### Data provided ###
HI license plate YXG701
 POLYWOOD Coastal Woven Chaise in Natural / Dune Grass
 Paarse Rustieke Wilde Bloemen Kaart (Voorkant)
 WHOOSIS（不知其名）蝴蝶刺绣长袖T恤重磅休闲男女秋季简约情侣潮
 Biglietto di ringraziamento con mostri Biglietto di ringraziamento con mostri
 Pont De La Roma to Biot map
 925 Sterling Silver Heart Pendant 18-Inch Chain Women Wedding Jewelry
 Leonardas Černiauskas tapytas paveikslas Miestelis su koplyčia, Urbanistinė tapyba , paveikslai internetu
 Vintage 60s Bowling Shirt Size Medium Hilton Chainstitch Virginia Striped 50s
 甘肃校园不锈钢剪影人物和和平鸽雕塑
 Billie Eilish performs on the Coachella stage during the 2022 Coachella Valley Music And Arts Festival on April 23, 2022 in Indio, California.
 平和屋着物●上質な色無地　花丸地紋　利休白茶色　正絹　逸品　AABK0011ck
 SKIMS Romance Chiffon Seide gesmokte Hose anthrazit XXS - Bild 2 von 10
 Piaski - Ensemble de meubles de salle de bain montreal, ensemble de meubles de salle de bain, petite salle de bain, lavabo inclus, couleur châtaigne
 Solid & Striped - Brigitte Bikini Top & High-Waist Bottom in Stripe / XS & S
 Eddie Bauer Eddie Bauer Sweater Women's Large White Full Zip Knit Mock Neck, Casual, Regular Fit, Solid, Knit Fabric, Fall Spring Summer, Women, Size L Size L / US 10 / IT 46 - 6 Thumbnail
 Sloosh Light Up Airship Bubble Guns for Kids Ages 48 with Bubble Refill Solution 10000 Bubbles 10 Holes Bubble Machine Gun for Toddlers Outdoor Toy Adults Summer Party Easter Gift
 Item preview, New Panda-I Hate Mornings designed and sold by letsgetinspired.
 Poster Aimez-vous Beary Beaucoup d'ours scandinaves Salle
###
Try it => Transcribe each record exactly. Leave nothing out.

Answer section =>
HI license plate YXG701
 POLYWOOD Coastal Woven Chaise in Natural / Dune Grass
 Paarse Rustieke Wilde Bloemen Kaart (Voorkant)
 WHOOSIS（不知其名）蝴蝶刺绣长袖T恤重磅休闲男女秋季简约情侣潮
 Biglietto di ringraziamento con mostri Biglietto di ringraziamento con mostri
 Pont De La Roma to Biot map
 925 Sterling Silver Heart Pendant 18-Inch Chain Women Wedding Jewelry
 Leonardas Černiauskas tapytas paveikslas Miestelis su koplyčia, Urbanistinė tapyba , paveikslai internetu
 Vintage 60s Bowling Shirt Size Medium Hilton Chainstitch Virginia Striped 50s
 甘肃校园不锈钢剪影人物和和平鸽雕塑
 Billie Eilish performs on the Coachella stage during the 2022 Coachella Valley Music And Arts Festival on April 23, 2022 in Indio, California.
 平和屋着物●上質な色無地　花丸地紋　利休白茶色　正絹　逸品　AABK0011ck
 SKIMS Romance Chiffon Seide gesmokte Hose anthrazit XXS - Bild 2 von 10
 Piaski - Ensemble de meubles de salle de bain montreal, ensemble de meubles de salle de bain, petite salle de bain, lavabo inclus, couleur châtaigne
 Solid & Striped - Brigitte Bikini Top & High-Waist Bottom in Stripe / XS & S
 Eddie Bauer Eddie Bauer Sweater Women's Large White Full Zip Knit Mock Neck, Casual, Regular Fit, Solid, Knit Fabric, Fall Spring Summer, Women, Size L Size L / US 10 / IT 46 - 6 Thumbnail
 Sloosh Light Up Airship Bubble Guns for Kids Ages 48 with Bubble Refill Solution 10000 Bubbles 10 Holes Bubble Machine Gun for Toddlers Outdoor Toy Adults Summer Party Easter Gift
 Item preview, New Panda-I Hate Mornings designed and sold by letsgetinspired.
 Poster Aimez-vous Beary Beaucoup d'ours scandinaves Salle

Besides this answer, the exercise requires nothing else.